While sailing, land is never out of sight, and it is possible to visit a new and different anchorage each evening. Brisk Ocean passages are interspersed with stretches of harbor-calm waters in the lee of the islands, and the Easterly trade wind is always on the beam, so cruising up or down the island chain is comfortable, whether northward or southward bound. There is no fixed point of departure or return between St. Maarten and Grenada. Passengers can board a boat in Antigua, cruise to Martinique and fly home from there. The following group could board in Martinique and sail to Grenada; the next group can sail from Grenada back up to St. Lucia. Whether you’re going north or south, you can cruise in a one-way direction, which is nice, because you can see something new and different each day.
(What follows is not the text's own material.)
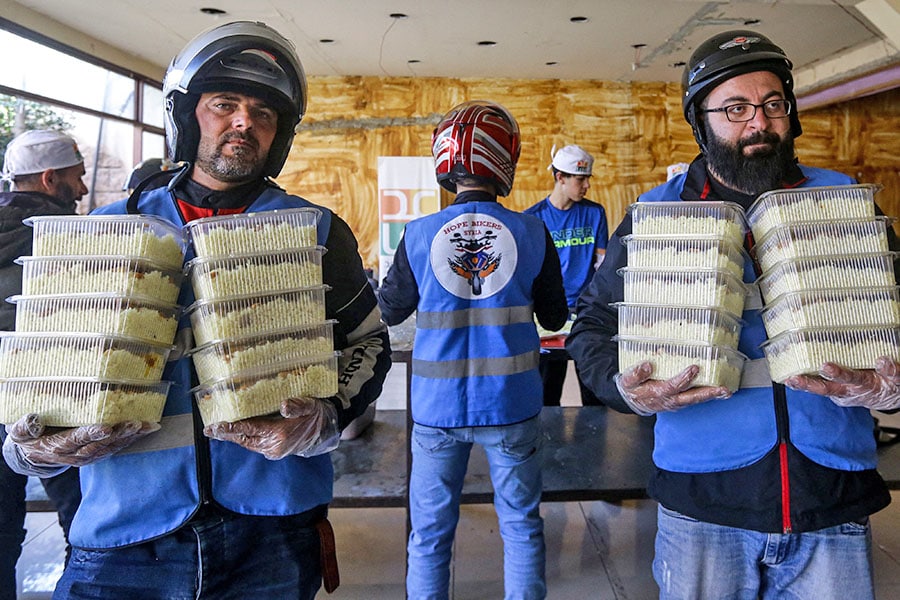 Members of motorcycle club Hope Bikers Syria help prepare distribute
Best time to sail: Year Round except August & September
The Virgin Islands
The beauty of the Virgin Islands is its possibility to put sailing to a minimum. Not because sailing isn’t fantastic; it is. But people who prefer activities other than sailing will be delighted with all that the Virgin Islands have to offer. All 30 or so British and American Virgin Islands are located in 30 square miles, so yachtsmen can enjoy the supreme scuba diving and snorkeling that the area has to offer. They can rent ATVs and motor scooters on Tortola, Jost Van Dyke and Anegada. Peter Island has a spa, while St. John has trails crisscrossing the island, offering safe, easy hikes to 18th century ruins and old Plantation Houses, an abandoned Copper Mine, a defunct rum distillery, a long meandering white sand beach. Our crews have been reporting that they have been swimming with dolphins on 40% of their cruises now, and Guana Island and Anegada sport growing Iguana and flamingo sanctuaries. Sea turtles have been making a comeback and can be seen in every harbor, on every reef while snorkeling, along with 18th century canon and all manner of species of tropical fish.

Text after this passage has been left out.